Instructions to follow:
In the data below, how many lines include the word "pour"? Give only the number.

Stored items
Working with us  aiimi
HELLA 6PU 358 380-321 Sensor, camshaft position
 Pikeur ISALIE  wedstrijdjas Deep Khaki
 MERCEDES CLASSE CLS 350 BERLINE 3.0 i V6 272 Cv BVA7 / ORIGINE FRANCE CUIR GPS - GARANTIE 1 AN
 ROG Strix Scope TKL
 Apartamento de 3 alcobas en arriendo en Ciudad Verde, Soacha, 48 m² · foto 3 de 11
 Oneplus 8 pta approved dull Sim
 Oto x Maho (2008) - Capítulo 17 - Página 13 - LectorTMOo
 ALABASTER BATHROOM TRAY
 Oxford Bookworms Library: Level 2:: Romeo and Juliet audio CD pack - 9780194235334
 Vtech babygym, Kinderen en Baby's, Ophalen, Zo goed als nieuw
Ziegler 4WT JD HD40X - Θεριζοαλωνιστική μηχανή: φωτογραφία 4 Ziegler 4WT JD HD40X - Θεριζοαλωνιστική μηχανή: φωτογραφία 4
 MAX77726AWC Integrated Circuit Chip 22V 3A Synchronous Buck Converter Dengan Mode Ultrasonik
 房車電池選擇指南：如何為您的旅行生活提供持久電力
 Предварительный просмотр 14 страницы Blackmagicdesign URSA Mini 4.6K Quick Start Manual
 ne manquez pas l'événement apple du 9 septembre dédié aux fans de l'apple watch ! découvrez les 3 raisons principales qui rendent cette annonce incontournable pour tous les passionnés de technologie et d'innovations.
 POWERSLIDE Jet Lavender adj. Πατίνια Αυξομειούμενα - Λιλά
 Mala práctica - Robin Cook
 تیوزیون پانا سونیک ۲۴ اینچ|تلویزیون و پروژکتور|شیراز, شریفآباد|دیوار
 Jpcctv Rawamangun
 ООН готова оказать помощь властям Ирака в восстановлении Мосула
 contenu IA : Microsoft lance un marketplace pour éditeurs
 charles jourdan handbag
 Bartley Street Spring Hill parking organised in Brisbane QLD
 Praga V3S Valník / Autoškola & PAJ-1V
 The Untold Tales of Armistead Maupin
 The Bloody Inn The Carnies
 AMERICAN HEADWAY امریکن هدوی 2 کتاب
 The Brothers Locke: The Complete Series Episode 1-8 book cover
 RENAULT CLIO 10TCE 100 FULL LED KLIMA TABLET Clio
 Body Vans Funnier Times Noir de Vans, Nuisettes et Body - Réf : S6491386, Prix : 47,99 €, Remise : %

Written solution:
2